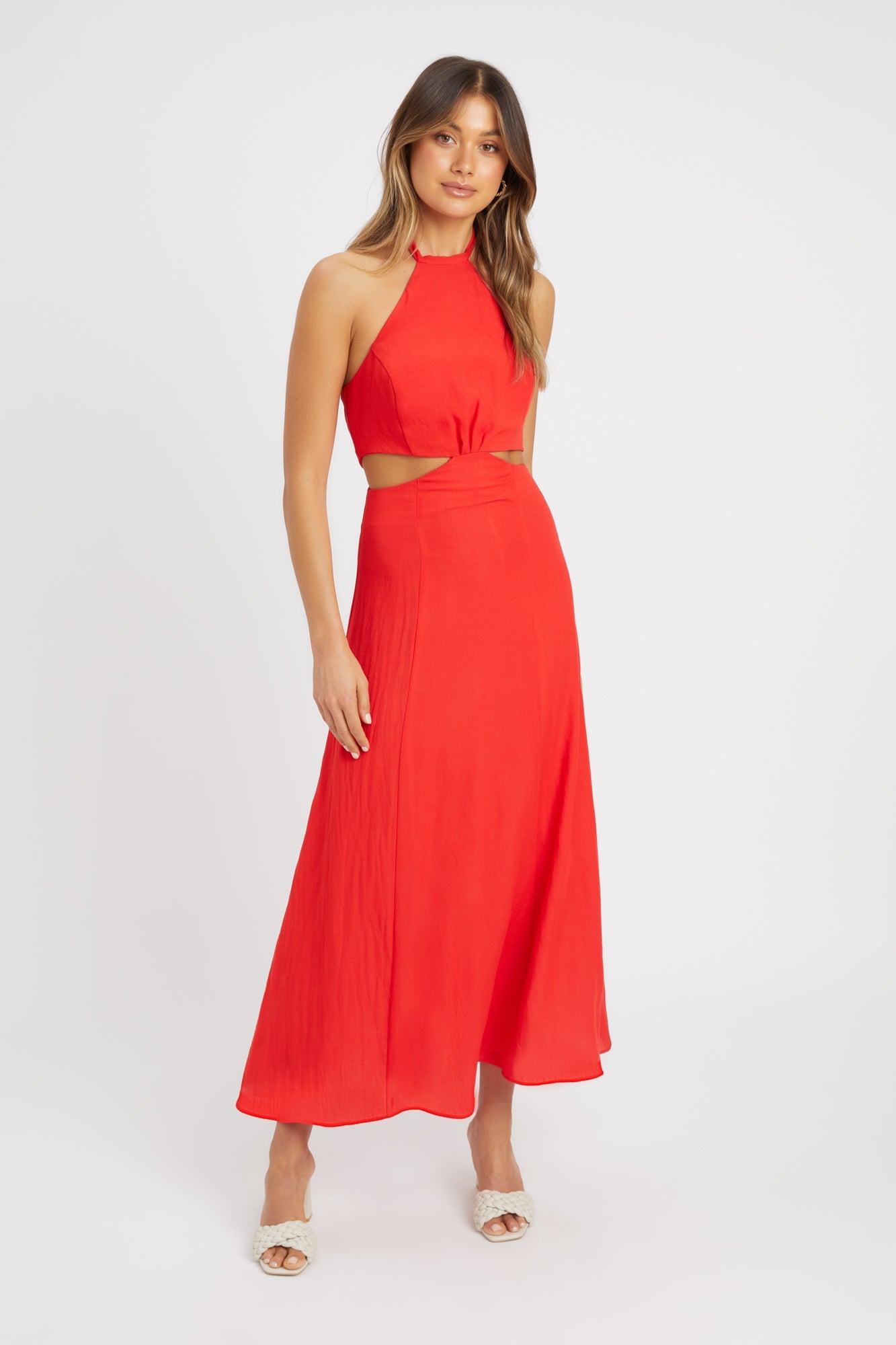 NWT BHLDN Fame buy & Partners Haylie Dress Midi Cutout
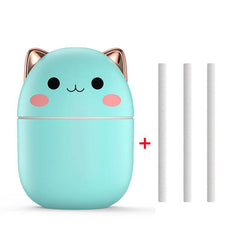 Air Humidifier Cute Cat Ultra-Silent USB Office Household Bedroom Car Aromatherapy Air Purifier With Led Cool Mist Spray - ProTrendyz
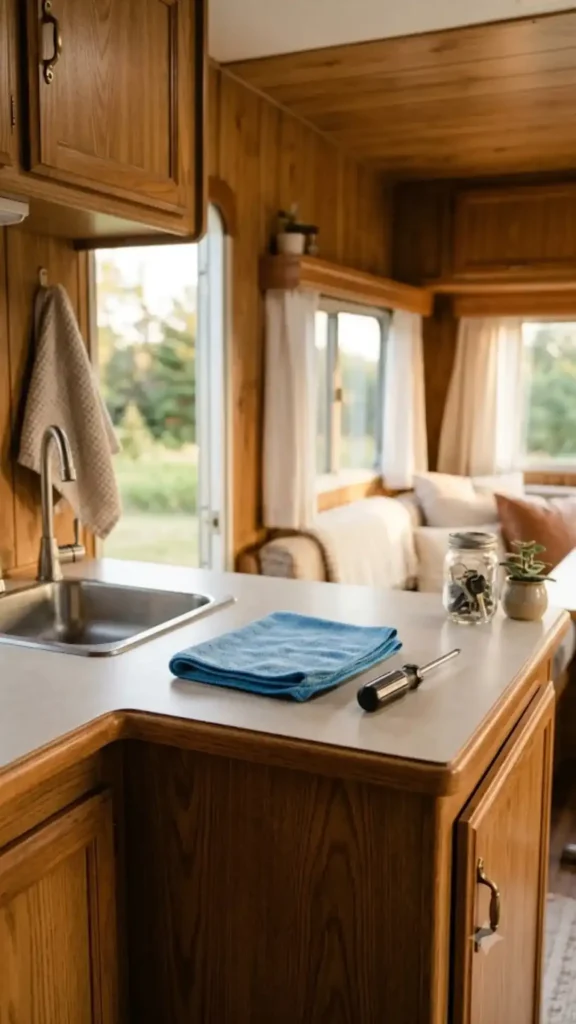 Inspect the rig for hidden water damage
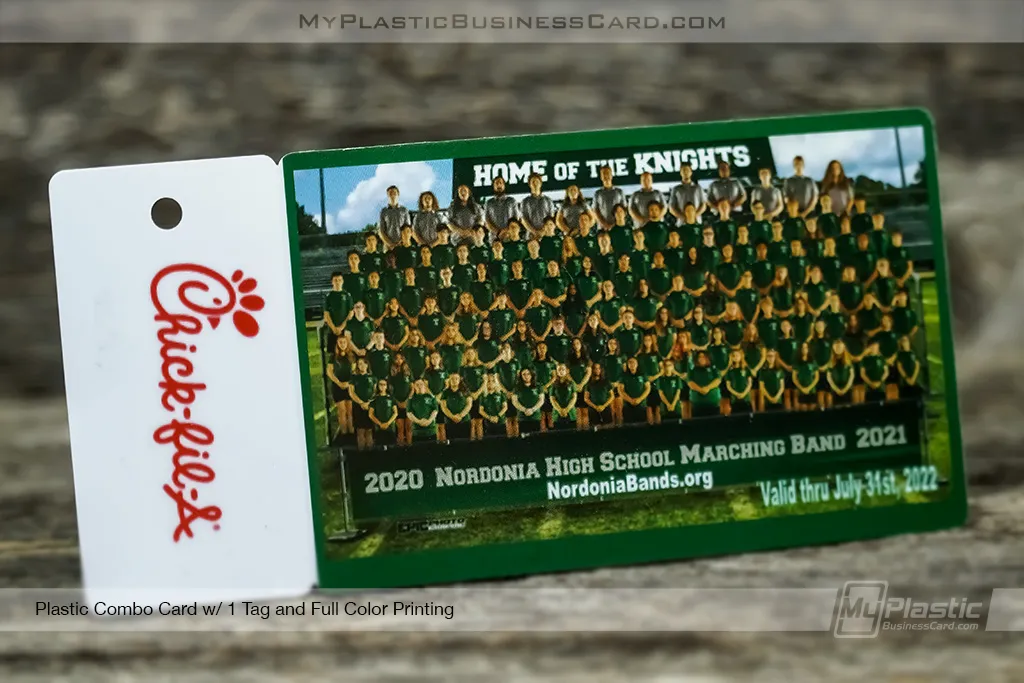Plastic-Snap-Card-with-One-Key-Tag-and-Full-Color-Printing-for-Chick-Fil-A
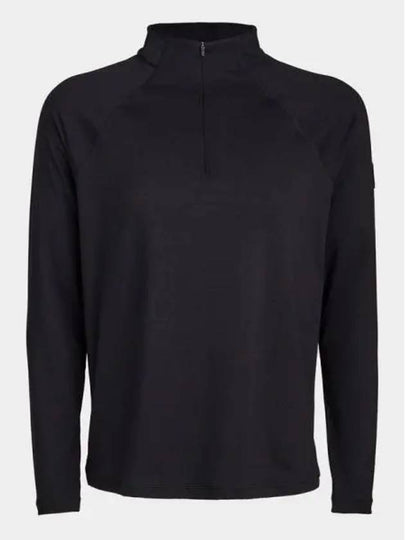 Men's Luxe Quarter Half Zip Layer Long Sleeve T-Shirt Black - G/FORE - BALAAN 2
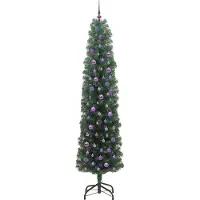 vidaXL Arbre de Noël artificiel avec 300 LED avec support Vert 240 cm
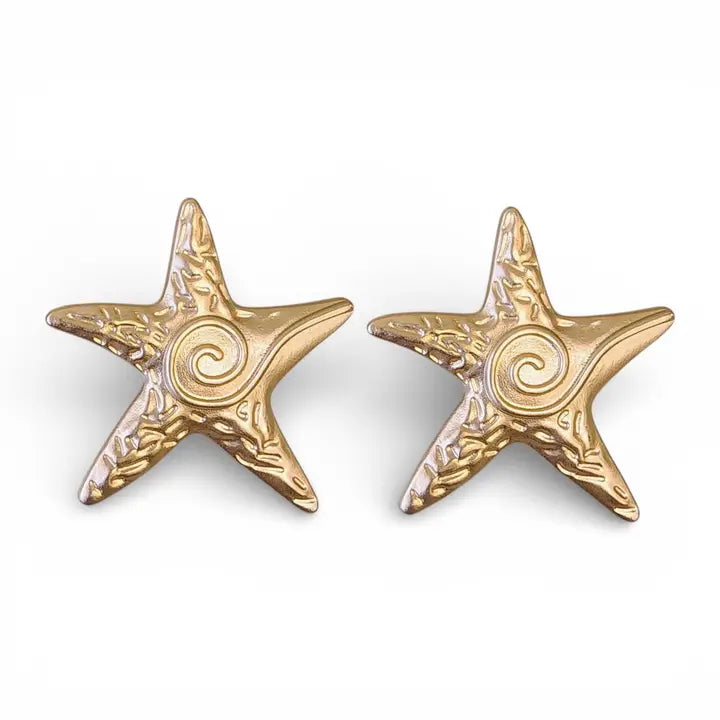 The Kiko Earring | Coastal Chunky Starfish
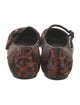 Larroude Ponyhair Animal Print Mary Jane Flats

▬▬▬▬▬▬

### PROMPT
Exact copy, no pictures: please print every record above as written.

### SOLUTION TO THE EXERCISE
 NWT BHLDN Fame buy & Partners Haylie Dress Midi Cutout
 Air Humidifier Cute Cat Ultra-Silent USB Office Household Bedroom Car Aromatherapy Air Purifier With Led Cool Mist Spray - ProTrendyz
 Inspect the rig for hidden water damage
Plastic-Snap-Card-with-One-Key-Tag-and-Full-Color-Printing-for-Chick-Fil-A
 Men's Luxe Quarter Half Zip Layer Long Sleeve T-Shirt Black - G/FORE - BALAAN 2
 vidaXL Arbre de Noël artificiel avec 300 LED avec support Vert 240 cm
 The Kiko Earring | Coastal Chunky Starfish
 Larroude Ponyhair Animal Print Mary Jane Flats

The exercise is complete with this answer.